CP Gear doesn't use Camelbak bladders. They use Nalgene bladders


http://www.cpgear.com/default.asp?mn=1.19.56&f=pd&pid=248


----------



## Donut (29 Aug 2007)

Then I have to say I'm even more surprised, I've packed (and abused) nalgene products for over 20 years, and except for hot water in the non-lexan bottles, never had an issue with them.

I saw the outer fill-port and thought the only people who used that were Camelback. I've got and love Platypus, so i was thinking of the carrier only, anyway.


----------



## NL_engineer (30 Aug 2007)

Don't buy Blackhawk.

One of the guys on my 5's had one, and it pretty well fell apart during the FTX.  But that was four years ago, and there quality may have improved since then.

[size=6pt]Edited for spelling[/size]


----------



## Farmboy (30 Aug 2007)

Camelbak, Source and Nalgene all have the same sort of fill cap.

The Source bladders are the only ones I've never heard a complaint about.


----------



## mudgunner49 (4 Sep 2007)

JDMCRX said:
			
		

> I think ill just get a olive drab one and see if i can wear it on the ruck marchs and stuff



Olive Drab is the "little black dress" of tactical colouration...


----------



## Matt_Fisher (4 Sep 2007)

Flawed Design said:
			
		

> DON'T buy  camelbacks from CP gear.
> My unit bought a bunch of them and I'd be surprised if 75% + of them didn't break.



Did you contact us to rectify the issue?  Contact me offline if the issue isn't resolved.
1-800-561-3040 or matt@cpgear.com


----------



## Pte_Martin (4 Sep 2007)

Flawed Design said:
			
		

> DON'T buy  camelbacks from CP gear.
> My unit bought a bunch of them and I'd be surprised if *75% + of them didn't break*.



I don't see why he is complaining, 75% plus of them Didn't break... that's not bad, how many did your unit buy? maybe if  it was 25%  didn't break that would be worse


----------



## LordOsborne (5 Sep 2007)

+1 on the Source bags.
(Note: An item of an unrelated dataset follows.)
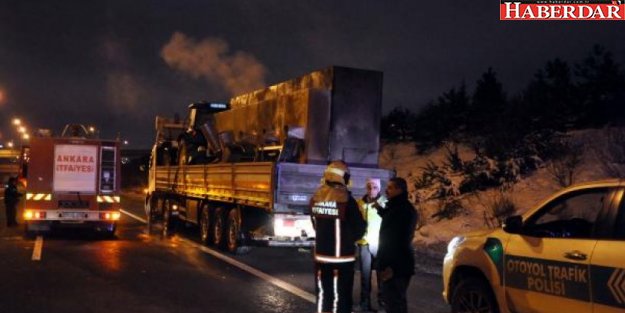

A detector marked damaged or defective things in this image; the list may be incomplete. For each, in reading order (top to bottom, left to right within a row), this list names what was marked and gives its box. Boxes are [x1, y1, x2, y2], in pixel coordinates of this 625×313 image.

large burned truck [144, 67, 392, 252]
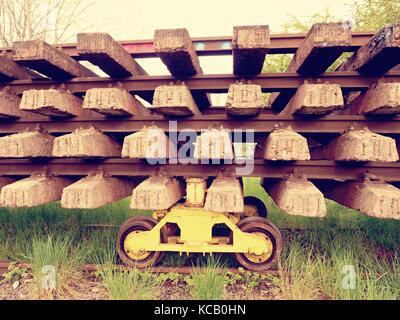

I originally bought a no-name camelback from an ebay store which uses an imitation cadpat carrier. The bag that came with it broke on the first use, and I went to Wheelers to get a 2L nalgene bag, which served me well through CAP, although i did want something a little bigger and the lack of a mouthpiece cap was a little bit of a drag. When I got back to Victoria, I bought a 3L Source bag from MEC and i've been extremely satisfied with it. Apparently the USMC chose a green tinted Source bag as well.

http://www.source-military.com/products/product_page.asp?prodId=14
http://www.source-military.com/downloadables/accessories/wxp_hydration_3L_ds.pdf


----------